Confessions

告白 | Kokuhaku
 •  , ,  •   • Dir.

Reviewed by   |  Mar 1, 2015

Wherever you are on or after the 18th February, make sure you get to the nearest art house cinema (if you’re blessed with one nearby) and watch the U.K. release of ‘Confessions’. Japanese cinema gives us at least one unquestioned masterpiece a year – there was ‘Departures’ in 2008 and ‘Nobody To Watch Over Me’ in 2009 – and 2010 is gifted Tetsuya Nakashima’s hotly-anticipated thriller which Western audiences will soon be able to savour on the big screen.

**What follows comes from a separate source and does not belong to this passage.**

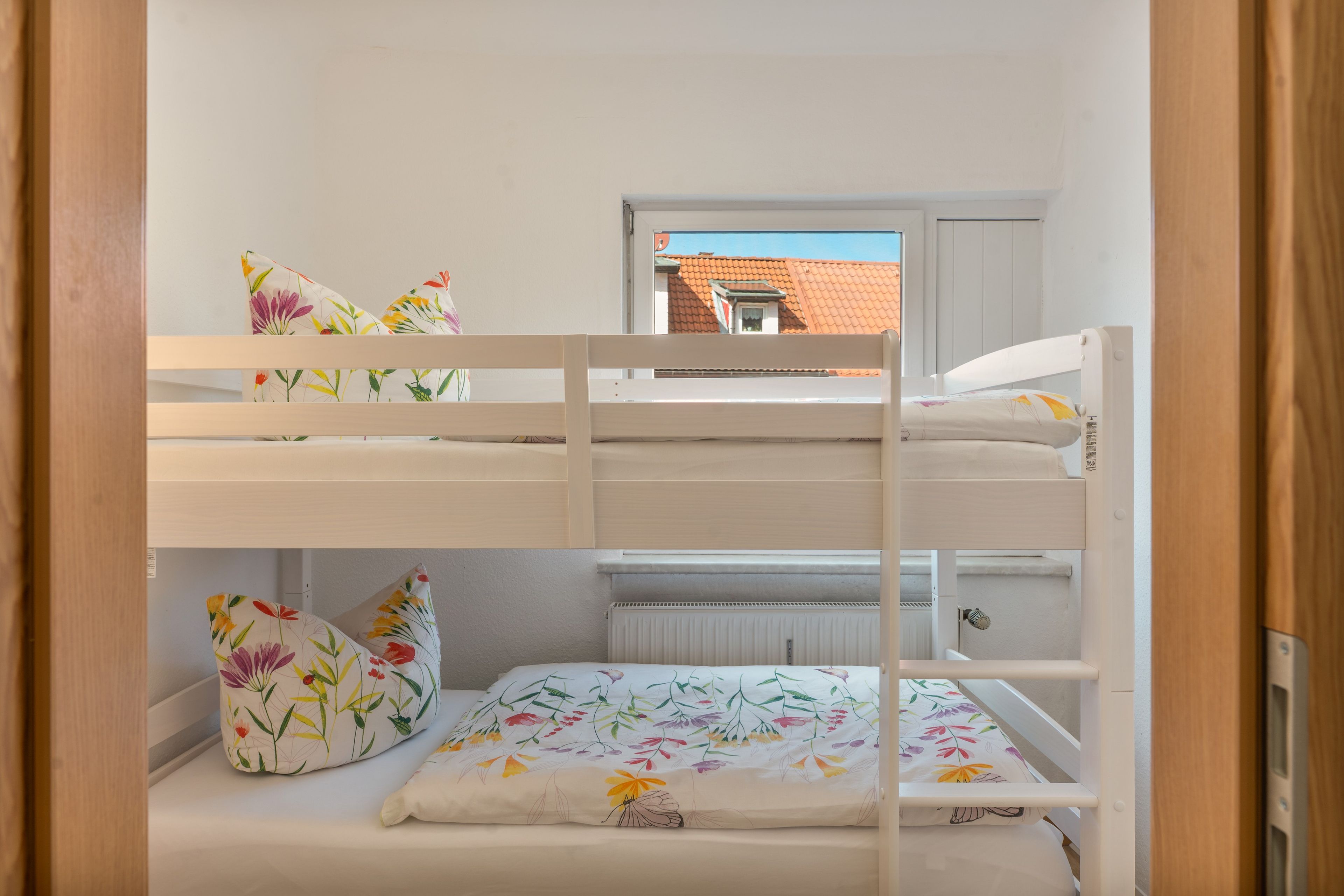 Un letto a castello con biancheria da letto floreale e una finestra che si affaccia su un edificio con tetti rossi.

A stoic Japanese schoolteacher stands in front of her class and bids them farewell after a troubled year. The apathetic students listen with mild disdain as she explains her reasons for leaving and her general disillusionment with the country’s children. She discusses the terrible bereavement she suffered when her young daughter died and the stark depression that has clouded her mind ever since. But the mocking audience is about to discover that the death was no accident and two of the pupils sitting in the class may have been responsible. And she will have her revenge.

Many films have tackled infant mortality and its effects on shell-shocked parents – it is a nightmarish subject that only the most skilled directors are able to convey with the appropriate gravitas. In the first ten minutes of ‘Confessions’, Takako Matsu delivers an extended speech to a captive audience that must rank as one of greatest evocations of this theme. For a film to grip the viewer so completely within the first ten minutes, for an actress to give a performance so complete within the same time and for the dialogue to cut unflinchingly into the very heart of the matter so early on is the sign that something very special is about to unfold. ’Confessions’ is really that special.

The natural fear for the viewer after being treated to such an intense opening is that the subsequent film will hurtle downhill, unable to maintain the same quality. The fact that the same exceptional heights are hit thereafter that powerful introduction is testament to how good ‘Confessions’ really is. The brief synopsis above can only hint at the remarkable turns and twists that Nakashima unleashes on the viewer, cranking up the tension unbearably tight. It proves to be much more than just a story of revenge; it is a tragedy about apathy and how a lack of basic compassion is the greatest sorrow there is.

‘Confessions’ balances between cold hard reality and a subtly dream-like atmosphere that convinces the viewer that there isn’t a world outside of this horror. Nakashima showed his love of the surreal with ‘Kamikaze Girls’, turning a story of friendship into a vibrantly-coloured, relentlessly perky journey through a bizarre version of Tokyo. ‘Confessions’ is significantly less cheery, much less visually variegated, yet undeniably has the director’s unusual stamp all over it. Having built up to this career zenith, it’s hard to think how he can improve on this next time.

Japanese cinema has a rich pedigree the envy of most of the film-making world. Kurosawa, Ozu, Mizoguchi, Ichikawa and a select few others have rightfully etched their names into the very fabric of cinema  – ‘Confessions’ is Tetsuya Nakashima’s entry pass into this very exclusive club.